§ MATERIAL PROVIDED:
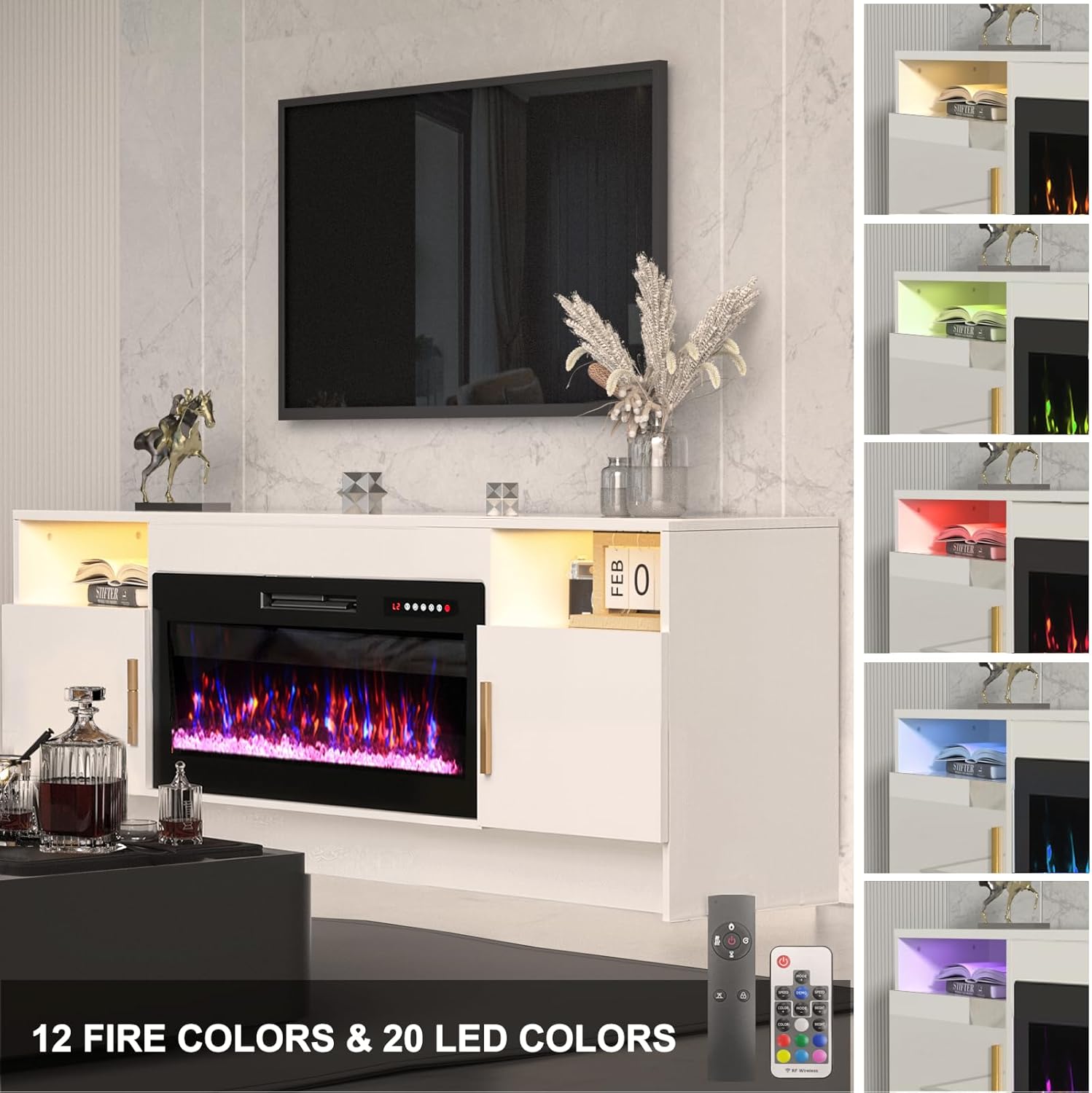 White Electric Fireplace TV Stand with Led Lights-Entertainment Center for Up to 80 inch TV-Modern TV Console for Living Room with Storage Cabinet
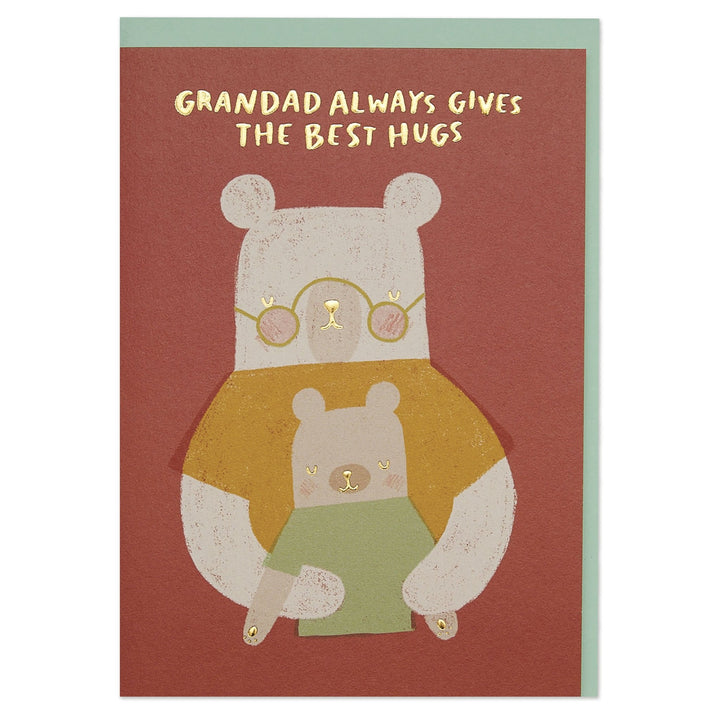 Raspberry Blossom Geburtstagskarte Grußkarte für Opa - Grandad always gives the best hugs - Vatertag
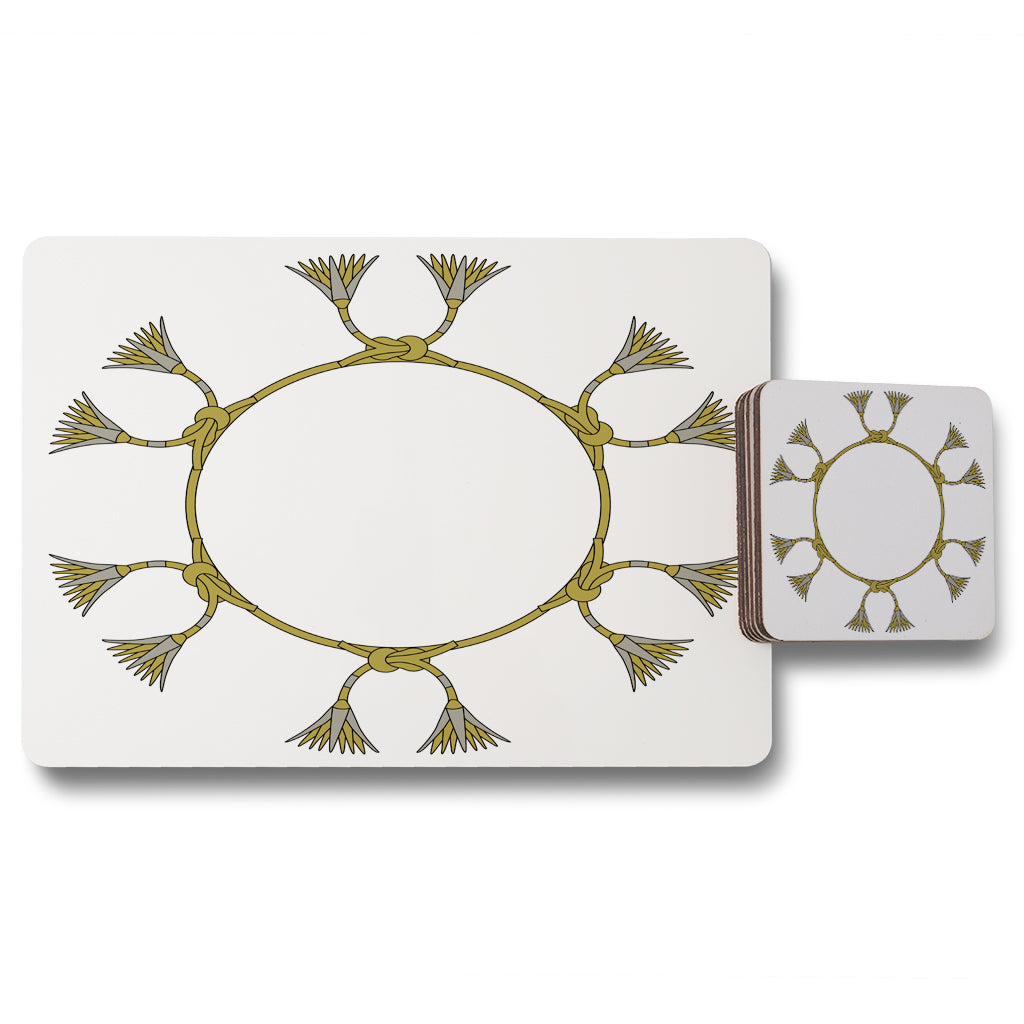 New Product Ancient Egyptian Lotus Motifs (Placemat & Coaster Set)  - Andrew Lee Home and Living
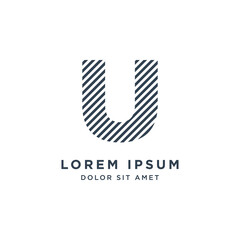 Striped letter U logo vector design template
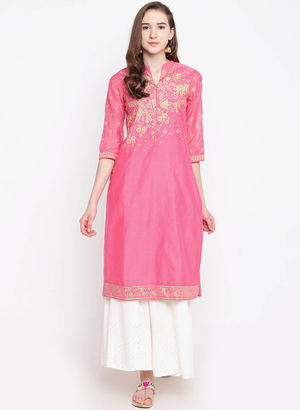 Pink Printed Kurta Price in India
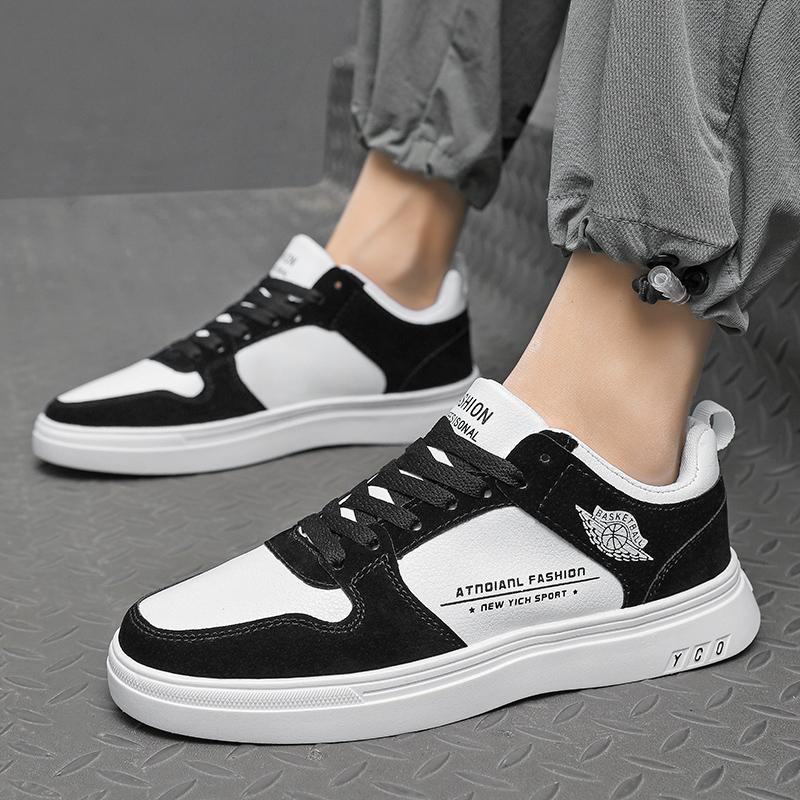 Casual Men Leather Skateboarding Shoes Mixed Colors Skate Shoes Comfortable Shoes Low Top Man Shoes Rubber Sole Sneakers 8206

§ TASK PROMPT: From the first line to the last, retype the data exactly, without images.

§ THE COMPLETED TASK:
 White Electric Fireplace TV Stand with Led Lights-Entertainment Center for Up to 80 inch TV-Modern TV Console for Living Room with Storage Cabinet
 Raspberry Blossom Geburtstagskarte Grußkarte für Opa - Grandad always gives the best hugs - Vatertag
 New Product Ancient Egyptian Lotus Motifs (Placemat & Coaster Set)  - Andrew Lee Home and Living
 Striped letter U logo vector design template
 Pink Printed Kurta Price in India
 Casual Men Leather Skateboarding Shoes Mixed Colors Skate Shoes Comfortable Shoes Low Top Man Shoes Rubber Sole Sneakers 8206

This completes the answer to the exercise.